Imperative thinking in Joy

Joy is a purely functional language, and yet it is often useful to think in imperative mode when writing Joy programs. This rsults from the fact that Joy is based on the composition of functions, and not on the application of functions. This was first made explicit by Billy Tanksley (2000) in his preamble to the mailing group concatenative:
http://groups.yahoo.com/group/concatenative

This note illustrates imperative thinking for five Joy programs. In the literature these are often written recursively. But they either are tail recursive or can be rewritten in a tail recursive form, possibly using accumulators. Consequently these programs can also be written in an imperative style without recursion but using loops. In this note the imperative version is used as the starting point which is then translated into purely functional Joy.

The first two programs are for computing the factorial and the Fibonacci functions. Both use the times combinator of Joy. The third and fourth program are for computing the greatest common divisor function gcd and the predicate for determining whether a number is prime. Both use the while combinator of Joy. The last program is a combinator for Newton's method of finding arguments for which a given function returns a zero value. The method works by starting with a guessed argument and improving it until it has the required magnitude. This Joy program also uses the while combinator. The method can also be used to compute inverses of functions, for example for finding cube-roots when given a cubing function.

All five programs were developed using corresponding Scheme programs in Abelson and Sussman (19??) as a guide.

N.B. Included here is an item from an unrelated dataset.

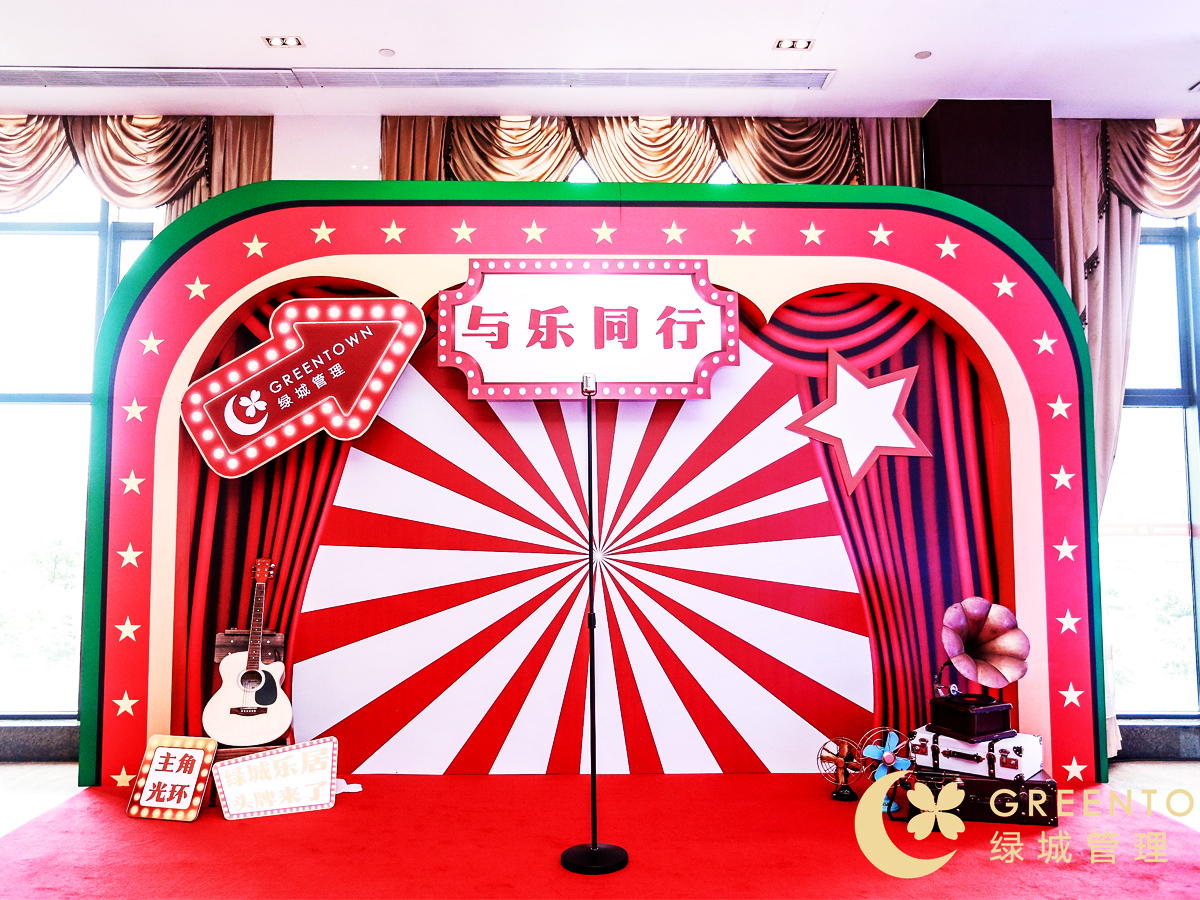 �����ꐄ�(chu��ng)��߄�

The times combinator for the factorial function

The factorial function is often given a recursive definition to illustrate either recursion in general or definitions in a particular language. But it is well known that recursion is not necessary, and that at least a "tail-recursive" variant is more efficient. For a given positive integer N, the factorial of N is just the product of the first N positive integers. The product of no numbers should be the identity element for multiplication, so the factorial of 0 is set to 1. Hence for any non-negative N the factorial can be computed by a simple imperative program (here in a fantasy language):


    factorial(N) =
	VAR P := 1
	VAR I
	FOR I := 1 TO N DO
	    P := P * I
        RETURN P

The upper limit N ensures that the body of the loop will be executed exactly N times. In addition, the FOR-loop will increment the variable I exactly as required. But we could do the incrementing explicitly:


    factorial(N) =
	VAR P := 1
	VAR I := 1
	N TIMES DO
	    P := P * I
	    I := I + 1
	RETURN P

To translate this into Joy, here is a first draft. The TIMES-loop will be executed by the times combinator of Joy. The body of the loop will need to be expressed in Joy, but we do that later. Before the loop there will need to be some initialisation corresponding to the imperative program. And after the loop there will need to be some finalisation corresponding to the RETURN.

    factorial  ==
	"initialise"
	[ "body of loop" ]
	times
	"finalise"

A call to the factorial function will be of the form

	N  factorial

where the N will have to be available for the times combinator. That means that the simulation initialisation of the two variables P and I will have to be below the N. In the imperative program both were initialised to 1. So below the parameter N there will need to be two further stack elements, both 1, that are pushed under the control of the dip combinator. Hence the initialisation is:

	[ 1 1 ]  dip

The body of the Joy loop has to do what the body of the imperative loop does:

	    P := P * I
	    I := I + 1

The counterpart of P has to be multiplied by the counterpart of I, but there has to be another copy of I available to be incremented by 1. So the body of the Joy loop has to start with a dup operator to make that copy. Then thecounterpart of P has to be multiplied by the original counterpart of I, and this has to occur below the new copy of the counterpart of I. That is easily done by the combination [*] dip. Finally, corresponding to the incrementing of I, the successor of the top element is taken. Hence the body of the Joy loop is

	dup  [*]  dip  succ

The loop is executed N times, and when that is done the imperative program returns P, whose counterpart is the second element from the top of the stack. So the finalisation of the Joy program is

pop

Putting the three pieces together, we have the definition

    factorial  ==
	[1 1] dip
	[ dup [*] dip succ ]
	times
	pop

This completes the Joy program. In the Joy library numlib.joy it is just a one-liner:

    fact == [1 1] dip [dup [*] dip succ] times pop;

The times combinator for the Fibonacci function

The Fibonacci function is also often given a recursive definition, generally just to test efficiency of an implementation because a non-recursive definition would be more efficient. The usual recursive definition is inefficient because the same values have to be computed many times over. The following is a design of a non-recursive version.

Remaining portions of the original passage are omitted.